One example of an appropriate locking means is provided by a progressively releasable lock constituted by a normally closed two-way valve (of the "pressure applied to release" type) used in conjunction with a standard high-lift safety valve--all as manufactured by Samuel Birkett Limited, Queens Street Works, Heckmondwicke, Yorkshire, England.
In general, the preferred embodiment of the present invention wherein pivotable floatable members are provided to promote stability functions and may be employed in the manner already described (with the proviso that references to the locking means for the caliper-like structure are to be ignored if no such lock is present--the presence of a lock is preferred). However, there are some differences due to the use of pivotable floatable members. The differences in operation between the above specific pivotable floatable member embodiment of the present invention and the above-described general apparatus of the invention will be clear to the skilled man from the description which follows.
Preferably the present pivotable floatable member apparatus has four floatable members, two on each side. With this construction the pair of members on each side can pivot upwardly in opposite directions, one pivoting clockwise and the other anti-clockwise. This arrangement provides the desired stability against rolling.
It has been found that the optimum angle of elevation of the floatable members is about 68°, this angle giving maximum stability.
The floatable members should preferably be of such a length that when they are locked at an angle of about 68° the ends thereof opposite the end portions pivotally connected to the arms project above the level of the main central pivot.
If the rig is required for underwater operations such as dredging, gaining mineral aggregates or laying masonry or pipes or if the rig is to be used where the underwater terrain is very irregular, an additional frame or series of frames (e.g. "A"-frames or "U"-frames when the article or materials to be salvaged are relatively bulky) can be attached to the centre of the apparatus. Such frames will have extendible telescopic legs which can be extended when the apparatus nears the e.g. sea or river bed to support the apparatus whilst the caliper-like recovery action is activated. In addition, the caliper construction itself (i.e. the arms connected to the floatable members) may have extendible legs.

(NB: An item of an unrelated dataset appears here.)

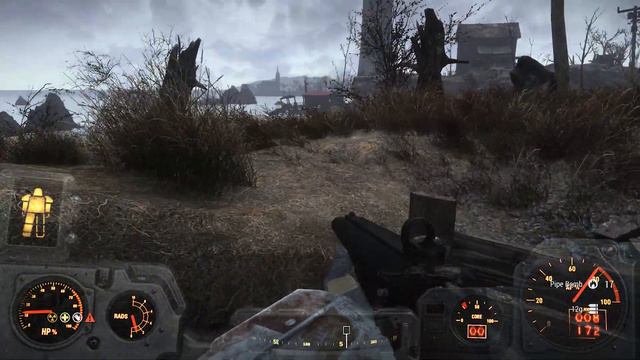 HORIZON 1.9.3 - PART 22 - oil barren joe смотреть онлайн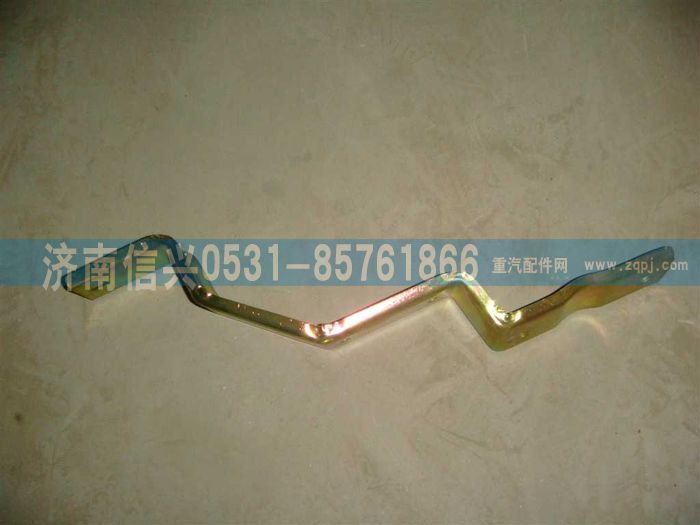WG1664230290,WG1664230290右后翼子板撐架總成（與左件對(duì)稱）,濟(jì)南信興汽車(chē)配件貿(mào)易有限公司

The apparatus may be fitted with underwater television cameras and depth meters.
The apparatus may be adjusted to adopt a buoyancy which enables it to float when submerged without rising to the surface or sinking appreciably. In these circumstances, weights connected to chains of known length may be slung over the sides of the rig to cause it to sink until the weights "bottom" and their weight is no longer supported by the rig. This is one way of ensuring that the rig reaches a predetermined depth (i.e. a specific height above the sea or river bed) and is stabilised at that depth.
Preferably the floatable member locking means can lock the pivotable members in any desired position between maximum elevation and the horizontal position.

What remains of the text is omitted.